Entendre le divin dans les paroles de votre adversaire est une grande demande en ces temps tendus. Nous sommes tous créés à l’image divine, nous dit la Torah, alors peut-être pouvons-nous trouver la divinité dans les paroles de chacun en écoutant attentivement la profonde humanité qui sommeille en eux. Quand vous prononcez des mots sur la guerre, des mots que je trouve faux, puis-je me permettre d’entendre l’humanité profonde, la divin l’humanité, qui vibre en dessous d’eux ? Puis-je entendre votre peur pour la survie juive, la douleur de vos ancêtres, votre désir d’appartenance, votre espoir pour un monde meilleur, votre prière pour la paix ? Pouvez-vous entendre le mien ?
Que ressentiriez-vous si vous écoutiez un adversaire qui est aussi un ami d’enfance, un collègue ou un cousin et qui disait : « J’entends vos paroles et j’y perçois une crainte pour notre avenir. Ai-je raison ? J’ai aussi peur pour notre avenir, même si je suis amené à une conclusion différente. »
C’est une compétence que je souhaite que nous ayons tous, celle de trouver ce qui nous relie à la racine, même si cela se manifeste différemment chez chacun d’entre nous.

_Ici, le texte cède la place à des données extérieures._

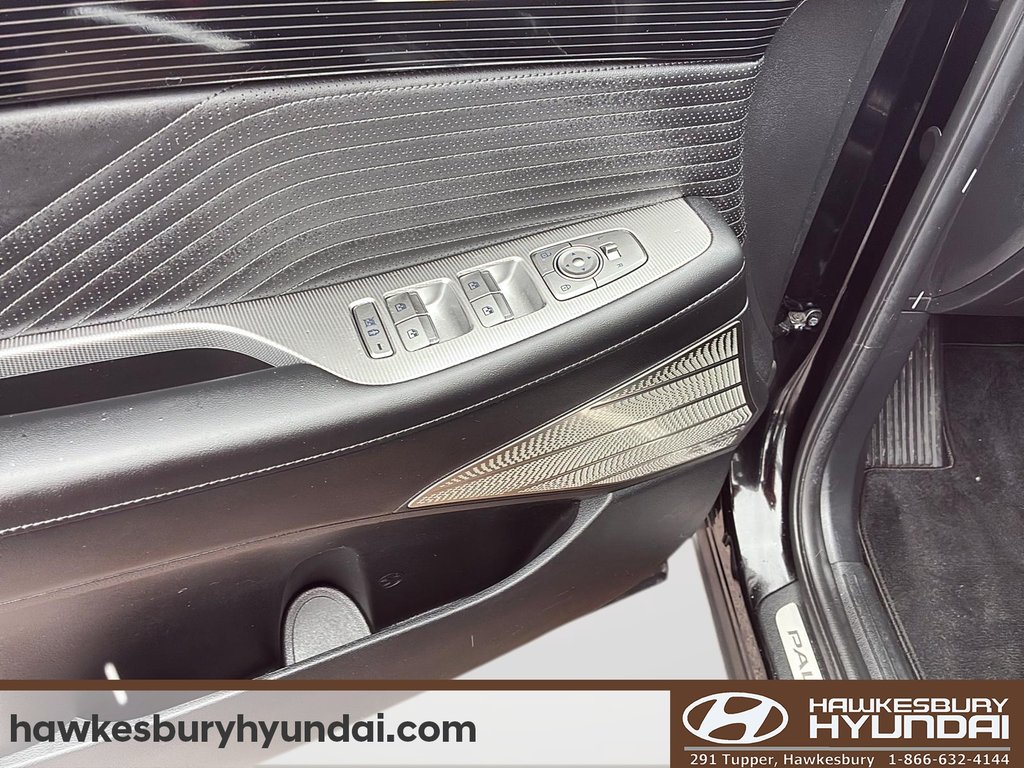 2024 Hyundai Palisade Ultimate Calligraphy in Hawkesbury, Ontario - 11 - w1024h768px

Je dois souligner que même si cela peut nous aider à gérer les conflits de manière moins dommageable, je ne dis pas que le point de vue de chacun est juste et que tout le monde est gagnant. Parce que parfois, il faut prendre une décision, tracer une voie. Percevoir la divinité de tous les côtés ne change rien à cela. En fait, dans notre histoire du Talmud, après avoir annoncé la divinité dans les points de vue des deux parties, la voix céleste déclare : « Cependant, la loi est conforme à l’école de Hillel. »

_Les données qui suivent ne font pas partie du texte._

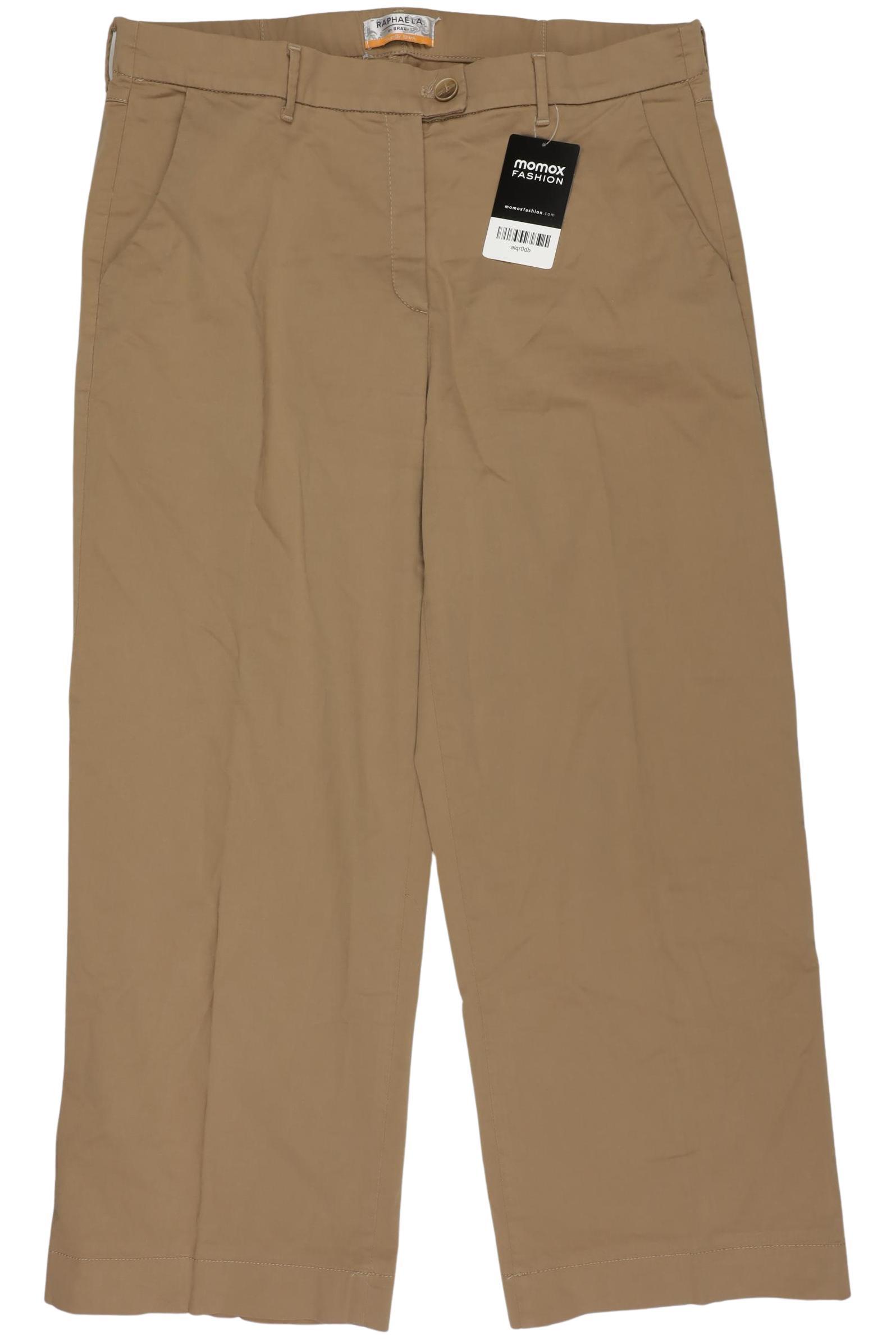 

Brax Damen Stoffhose, beige, Gr. 40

Si les deux points de vue sont les paroles vivantes de Dieu, pourquoi l’école de Hillel l’emporte-t-elle ? Le Talmud dit que c’est parce que l’école de Hillel est particulièrement humble dans son processus, écoutant, reformulant et essayant de comprendre les arguments de l’école de Shammai avant de proposer ses propres idées. C’est une manière ancienne de dire « Je t’entends » – et de le dire sincèrement.
Il convient également de noter que les décisions juridiques de l’école Hillel sont généralement plus clémentes et privilégient la compassion. Ce sont des décisions conçues dans un esprit de bienveillance, tandis que celles de l’école Shammai privilégient le principe au détriment de l’impact. Cela semble suggérer que les choix que nous faisons ne devraient pas causer de tort. Toutes choses étant égales par ailleurs, optez pour le point de vue qui entraîne une augmentation nette du bonheur.
Voilà donc la recette pour maintenir le conflit. Cela n’aboutira peut-être pas à un accord, mais cela pourrait changer qui nous sommes dans ces conflits et qui nous sommes après eux. Ne nous abandonnons pas les uns les autres. Parions sur un avenir que nous ne pouvons pas vraiment voir, dans lequel nous nous soucions encore les uns des autres, où nous parlons encore et où nous voyons toujours l’humanité divine dans les mots de chacun.
Il sert la congrégation Ner Shalom du comté de Sonoma depuis 2008 et la communauté Taproot depuis 2017. Son livre « Shechinah at the Art Institute » devrait sortir en 2024. Il blogue sur irwinkeller.com.
Les points de vue et opinions exprimés dans cet article sont ceux de l’auteur et ne reflètent pas nécessairement les points de vue de JTA ou de sa société mère, 70 Faces Media.